El obispo Timoteo de Alejandría (680 DC) ordenó que las parejas deben abstenerse de relaciones sexuales los sábados y domingos y en el día previo a recibir la comunión. Las mujeres que menstruaban no podían recibir la comunión, no podían recibir el bautismo o visitar la Iglesia durante la Pascua.
El obispo Teodoro de Canterbury (690 DC), ignorando la carta del Papa Gregorio el Grande dada a su predecesor, prohibió a las mujeres menstruantes visitar la Iglesia o recibir la santa comunión.
El obispo Teodolfo de Orleans (820 DC) prohibió a las mujeres entrar al santuario. También dijo que: “las mujeres deben recordar su enfermedad y la inferioridad de su sexo; por tanto, deben tener miedo de tocar cualquier cosa sagrada que está en el ministerio de la Iglesia”.
“No se permite a las mujeres visitar una iglesia durante su período menstrual o después del nacimiento de un niño. Esto es porque la mujer es un animal que menstrua. Por tocar su sangre, las frutas no madurarán. La mostaza se degenera, la hierba se seca y los árboles pierden su fruto antes de tiempo. El hierro de enmohece y el aire se obscurece. Cuando los perros la comen, adquieren rabia.” Paucapalea, Summa, Dist. 5, pr. § 1 v.
Las mujeres no deben llevar la comunión a los enfermos y deben permanecer fuera de la Iglesia luego de que dan a luz. La razón: "Esa sangre es tan abominable e impura, que ya Julius Solinus había escrito en su libro sobre las maravillas del mundo, que a través de su contacto las frutas no maduran, las plantas se marchitan, la hierba muere, los árboles pierden su fruto, el aire se obscurece, si los perros la comen quedan afligidos de la rabia... Y las relaciones sexuales en este período menstrual son muy riesgosas. No tan sólo por la impureza de la sangre hay que abstenerse de tener contacto con una mujer menstruante; por dicho contacto, puede nacer un feto dañado". Rufinus, Summa Decretorum, passim.

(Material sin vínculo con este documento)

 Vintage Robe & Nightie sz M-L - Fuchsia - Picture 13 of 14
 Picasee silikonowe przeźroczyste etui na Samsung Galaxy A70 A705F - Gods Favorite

Las mujeres no pueden tocar los vasos sagrados. El nacimiento de un niño conlleva una doble maldición: "Hay dos mandamientos en la Ley (Antigua), uno pertinente a la madre cuando da a luz, el otro al parto mismo. En relación de la madre que da a luz, si dio a luz un varón, debe evitar entrar al Templo por 40 días, como persona impura; porque el feto, concebido en la impureza, se dice que permanece sin forma por 40 días" Sicardo de Cremora, Mitrale V, ch. 11.
La supuesta “impureza ritual” de la mujer entró en la Ley de Iglesia, principalmente, a través del Decretum Gratiani (1140 DC), el cual se convirtió en ley oficial de la Iglesia en el año 1234, una parte vital del Corpus Iuris Canonici (Código Canónico) que tuvo vigencia hasta el 1916. El nuevo Código Canónico (1983) ofrece muchas mejoras al estatus de la mujer en la Iglesia. Aunque mantiene la prohibición contra la ordenación de la mujer, y reserva el lectorado y el ministerio de acólito sólo para hombres, el nuevo código finalmente dio revés a la posición de la Iglesia, estableciendo que las mujeres “por diputación temporera”, pueden llevar a cabo los siguientes ministerios en la Iglesia:
Lectoras de las Sagradas Escrituras durante la liturgia
Servidoras del altar
Comentadoras durante la Eucaristía
Predicadoras de la Palabra
Cantantes y coristas, ya sea solas o como miembros de un coro
Líderes de servicios litúrgicos
Ministras de bautismo
Distribuidoras de la Sagrada Comunión
A través de este cambio en la ley y en la práctica, la Iglesia oficial finalmente reconoció, al menos en alguna medida, que su prejuicio contra la mujer, basado en la “impureza ritual”, no tenía fundamento.